We had our final meeting at the Vagabond.

I got a set of copies made at an ugly mini-mall where there’s apartments now on Vine and Sunset. Back at the house I remember Dee being so excited, she thought the stack of copies in mauve covers looked so official. Then the following Saturday, I was to deliver them to Everett at the House of Pies. This was one of those times when I was painfully puntual. As the appointed hour came, I was in a revival house, watching for the very first time Alfred Hitchcock’s “Strangers on a Train,” and I pulled myself away from the final reel, which is one of cinema’s most bravura pieces of uninterrupted poetry and suspense.

To escape the movie’s gravitational pull at this point in the drama was quite a feat. And there we were, in the House of Pies, where I’d had my first conferences about “The Strawberry Butterfly.” Everett and I now shared the glow, the satisfaction of shared creative accomplishment. And I was gratefull to Everett, he had allowed me to get the kinks out of my original screenplay.

He picked it up and said, a sly look in his eyes, “I smell money.”

I liked the sound of this. And with the turning of the last page on “The Strawberry Butterfly,” my heart was ready to turn another page. At this time Mexico came back to me and the world in a big way: the North American Free Trade Agreement had been ratified in Congress. Lupita Jones was Miss Universe, and a year earlier the poet, Octavio Paz was awarded the Novel Prize in Literature. It was as if the Los Angeles effect was happening in Mexico.

Something was happening there, a creative and economic fervor. I strongly got the feeling, as when I lived in Memphis and would call Los Angeles, my friends were doing things, things were happening in Los Angeles and I was missing out. Likewise Mexico.

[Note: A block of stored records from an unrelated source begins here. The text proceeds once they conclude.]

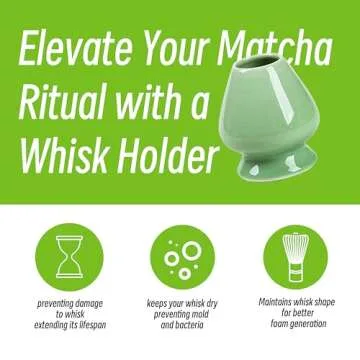 TEANAGOO Matcha Whisk Set, Bamboo Matcha Whisk (Chasen), 4 Pcs Traditional Starter Matcha Set, Scoop (Chashaku) Tea Spoon Whisk Holder, Matcha Accessory, Traditional Japanese Matcha Stirrer Set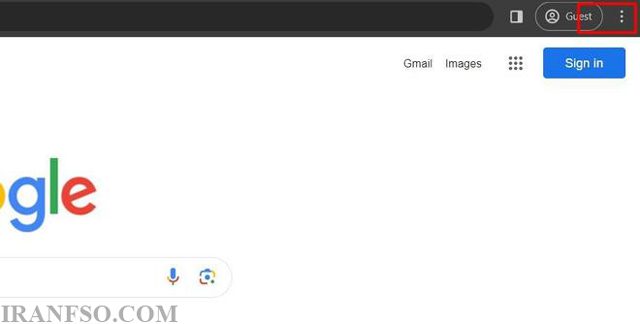 باز کردن منوی تنظیمات Chrome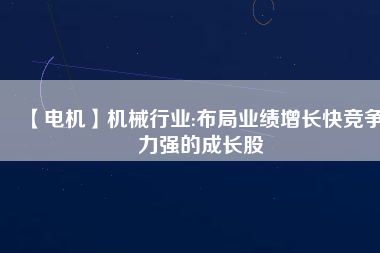 【電機(jī)】機(jī)械行業(yè):布局業(yè)績(jī)?cè)鲩L快競(jìng)爭(zhēng)力強(qiáng)的成長股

We had the screenplay now. I could turn elsewhere and travel a new road. In this buoyant frame of mind I took a break from Los Angeles for a Christmas visit with my family. My reconnecting with them was by now whole and complete. It makes me think there can be no bad love in the world; it can be foolish, lost and half-blind, but it returns and when it does, it still deepens and unifies everything.

That Christmas in Watsonville my aunt and uncle had come up from Taft. Their son, my cousin, has died from AIDS only a year before, I’m sure this still weighed on them. It’s not something we talked about and I didn’t initiate that talk. It had been a few years since I’d seem them: my aunt was the same as ever, my uncle seemed heavier, his hair suddenly more white than black. We went with my dad to Danny’s, the little diner in the rambling wooden local shopping center. Uncle John was my favorite uncle, he was my only uncle, but trust me, if you knew John, he’d be your favorite uncle too.

I was beaming about the screenplay at the breakfast table, of eggs, pancakes, hash browns and coffee constantly poured by the girl with the tattoo arms.

“How soon do you think you’re going to sell it?” John looked at me, dark eyes through wire gold glasses.